Arınç: ‘Cemevleri ibadethane olsun’ diye bas bas bağırıyorlar!

 

 

 

Başbakan Yardımcısı Bülent Arınç, gündemdeki birçok başlığa ilişkin yaptığı açıklamada cemevlerine de yer verdi. Arınç, “Camiler namaz mekanıdır, cemevleri niyaz mekanıdır” diyen, “cemevleri ibadethane olsun” diye bas bas bağırandan daha doğru söylüyor” dedi.
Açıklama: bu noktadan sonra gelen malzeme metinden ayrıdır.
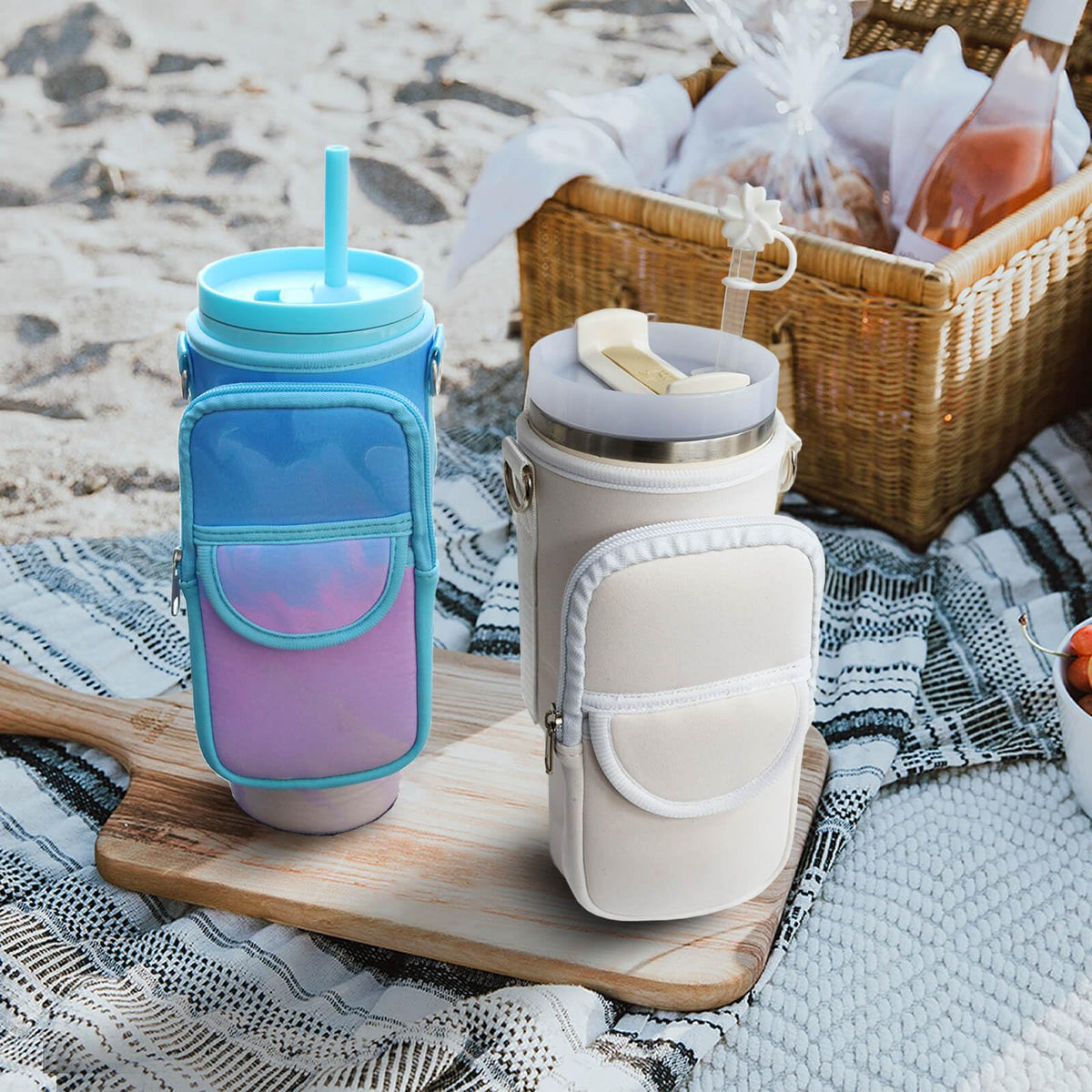 BOCMTR Water Bottle Holder with Strap for Stanley 30/40 oz Tumbler, Fashion Stanley Cup Bag with Big Phone Pocket, Silicone Boot, Straw Cover & Leak Proof Stoppers (Pink)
Başbakan Yardımcısı Bülent Arınç, TBMM Plan ve Bütçe Komisyonu’nda, Başbakanlık, MİT Müsteşarlığı, MGK Genel Sekreterliği, Diyanet İşleri Başkanlığı, Vakıflar Genel Müdürlüğü, Türkiye İnsan Hakları Kurumu ile Türkiye Yatırım Destek ve Tanıtım Ajansı’nın 2015 yılı bütçeleri üzerinde milletvekillerinin sorularını yanıtladı.

Arınç, cemevleriyle ilgili bir soru üzerine, şunları söyledi:

“Cemevlerinin ibadethane sayılması konusunda çok küçük bir azınlığın dışında, büyük tablonun buna sıcak bakmadığını görüyorum. Alevi Bektaşilerin bulunduğu bir iftar yemeğine davet edilmiştim. Yanımda da çok maruf herkesin bildiği bir zat vardı. Lafın arasında sordum. ‘Caminin karşılığı cemevi olabilecek mi? Cemevleri ibadethane olabilecek mi? Sizin bu konudaki düşünceniz nedir?’ Çok hoşuma giden bir şey söyledi. ‘Camiler namaz mekanıdır, cemevleri niyaz mekanıdır’ dedi. ‘Eğer cemevleri için niyaz ve erkan meclisi diye bir ibare koysanız, bu bizim için çok güzel bir şey olurdu’ dedi. Şimdi bunu söyleyen adam ile ‘cemevi ibadethane olsun’ diye bas bas bağırana bakıyorum, bunun söyledikleri çok daha doğru.”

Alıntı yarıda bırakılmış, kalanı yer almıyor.